ComparativeGenomicsToolkit / hal

Hierarchical Alignment Format
Other
164 stars 39 forks source link

halPhyloP no output or error message? #296

Open astarr97 opened 9 months ago

astarr97 commented 9 months ago

Hello,

I've been playing around with using halPhyloP to compute PhyloP scores on the 447-way placental mammal alignment. Rather than computing PhyloP scores for entire genomes, we would like to compute PhyloP scores for an arbitrary subset of sites in any genome of interest. It seems like halPhyloP using the --refBed argument should be able to do this and in some cases it can. However, in other cases it outputs a blank wig file with no error message or other explanation.

For example, using this command: ./cactus-bin-v2.6.13/bin/halPhyloP --refBed test_works.bed hg38.447way.hal Orcinus_orca fullTreeAnc239.100kb.mod test_worked.wig successfully outputs the PhyloP scores for the 5 sites into test_worked.wig (see attached, I added ".txt" so I can upload it to github).
test_works.bed.txt test_worked.wig.txt

However, when I do the same thing on a different set of sites with: ./cactus-bin-v2.6.13/bin/halPhyloP --refBed test_fails.bed hg38.447way.hal Orcinus_orca fullTreeAnc239.100kb.mod test_failed.wig there is no output. It results in a blank .wig file and does not print any error message. test_fails.bed.txt test_failed.wig.txt

Any ideas on what might be going on here or how to resolve this?
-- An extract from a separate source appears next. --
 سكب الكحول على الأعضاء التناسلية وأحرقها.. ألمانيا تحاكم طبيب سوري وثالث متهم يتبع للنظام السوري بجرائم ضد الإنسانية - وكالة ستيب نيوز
I have other examples showing it is not specific to this species or contig. It doesn't seem like the input bed files are different in any discernible way either. Any help would be much appreciated!

Edit: I should also add that no matter how large the "test_fails.bed" file is, everything finishes running in a few seconds.

glennhickey commented 9 months ago

That is strange. halPhyloP hasn't been maintained in a while, unfortunately. I recommend exporting to MAF and running regular phyloP directly on that.

Note that you can extract subregions of the MAF using taffy which is included in cactus.

astarr97 commented 9 months ago

Thanks for the quick reply! As halPhyloP is pretty fast, it isn't too bad to compute all the PhyloP scores for a genome so I will likely stick to that as it seems like halPhyloP works well for computing it for the whole alignment.

Sorry to hear about halPhyloP not being maintained. I've been computing PhyloP scores on a lot of different versions (i.e. masking different subsets of species) of the 447-way alignment using MAFs and the rate limiting step has actually been that I can only store 100 terabytes of data (each masked MAF file is massive) so it would definitely be very helpful for me, but my use case is probably pretty rare. Thanks again!